Other Iranians were quick to poke fun at government surveillance. One Twitter user posted a photo of the Mona Lisa in a chador and wrote, “When the Mona Lisa puts a profile picture in a domestic app.” A parody video circulated of a couple chatting on Soroush and exchanging selfies, only for an intelligence officer to edit the chats and insert his own selfie in lieu of the girlfriend’s.
Soroush has a 3.8 rating on the Iranian app store, Cafe Bazaar. On the Google app store, Soroush has a similar rating, but in recent weeks many Iranians have given it a one-star rating and written comments about the government’s surveillance in English and Persian. One user, who gave the app a one-star rating, wrote in English, “Garbage. It’s a governmental spyware, reporting all your chats and activities to authorities.”
Another user who gave it a five-star rating wrote in English, “Even if it is spying, better than [the] West spy[ing],” referring to the US National Security Agency. “Would you prefer [the] devil spy [on] you, or Angel Iran? Honesty. Why [are] people licking [the] West’s anus?”

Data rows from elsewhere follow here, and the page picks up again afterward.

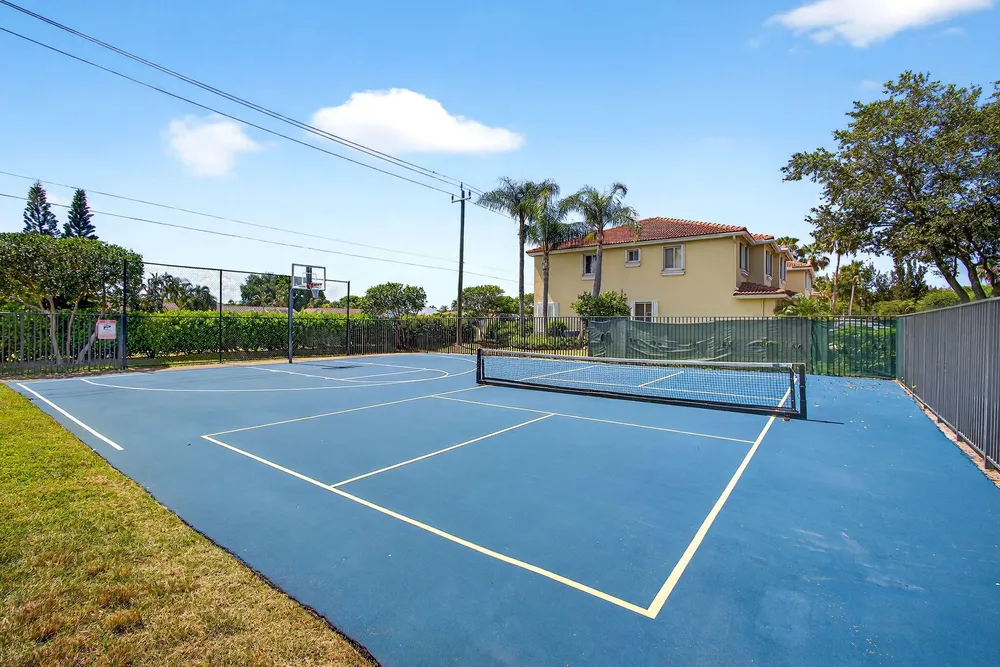3085 N Evergreen Circle, Boynton Beach, FL 33426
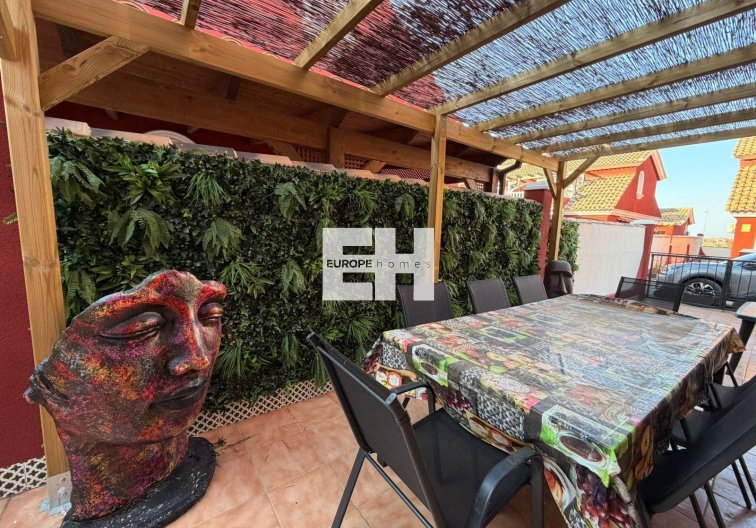 Herverkoop - Semi Detached - Orihuela Costa - Villamartín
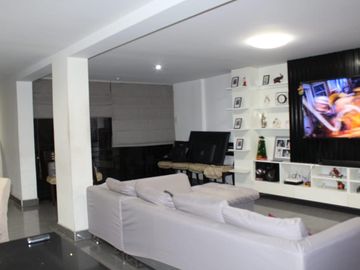 Casa en venta de 4 pisos a espaldas del Mall Aventuira de SJL
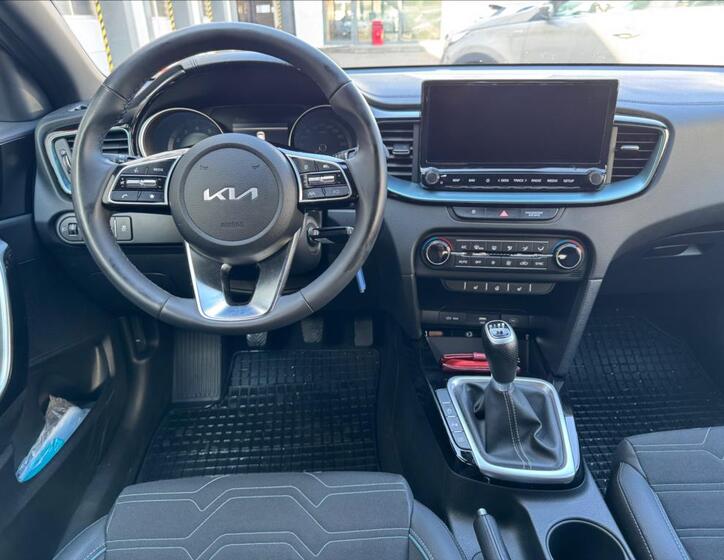 KIA Ceed 8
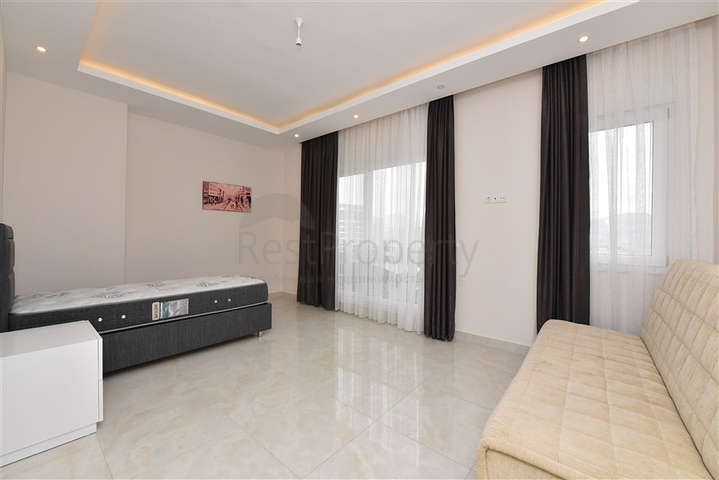 اطلالة بحر -دوبلكس فاخرة -في محمودلار/ الانيا 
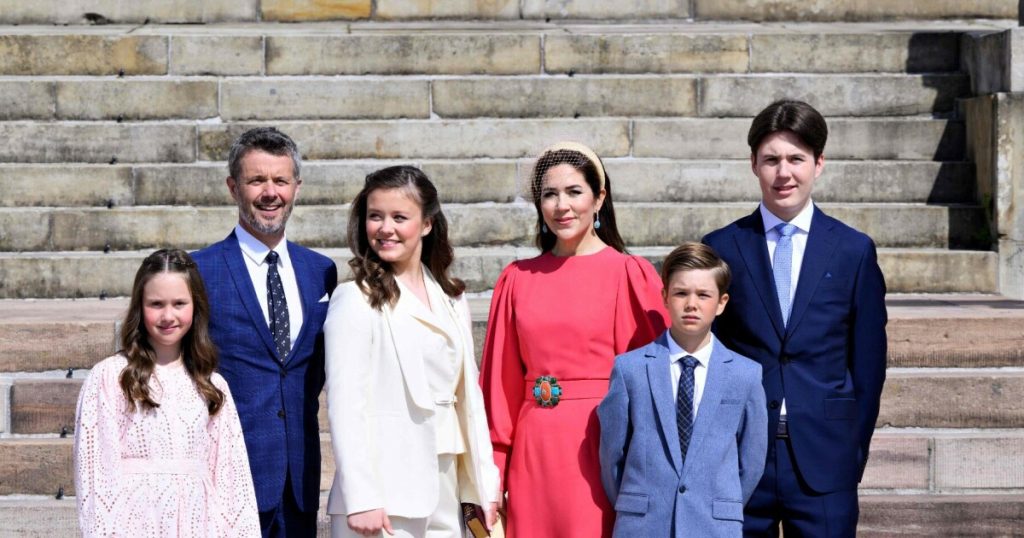 The Danish Royal Family: - That's why they share these photos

Alimardani says concerns about security aren’t something that all Iranians care about, although telephone communications have been monitored for years. “I think there is a significant segment of the population that is distrustful of anything owned and controlled by the government, as it’s a well-known fact that if the government has access to data and information, it will monitor it.”
Alimardani recommends that dissidents and journalists use a burner phone for domestic apps like Soroush not only to prevent their number and identifying information from being registered with the Iranian government, but so that no data or contact lists from the cellphone will be uploaded onto the platform. Alimardani claims that initial studies of the Soroush app have shown information like names and phone numbers can be easily extracted.
Meanwhile, Ahmad Alamolhoda, the Friday prayer leader of Mashhad who routinely voices the dangers of cyberspace, announced on his Telegram channel days before the official ban that he would continue to operate it simultaneously “because of the lack of interest of the audience to domestic messengers so far.” Once news of the ban caught on, Iranians on social media were quick to point out that the very government officials pushing for domestically made products were riding in Japanese and German cars, and that perhaps they should focus on setting an example first by riding in Iranian vehicles.
If anything, it seems that it will take more than some gold coins to incentivize Iranian Telegram users to make the move to domestic apps.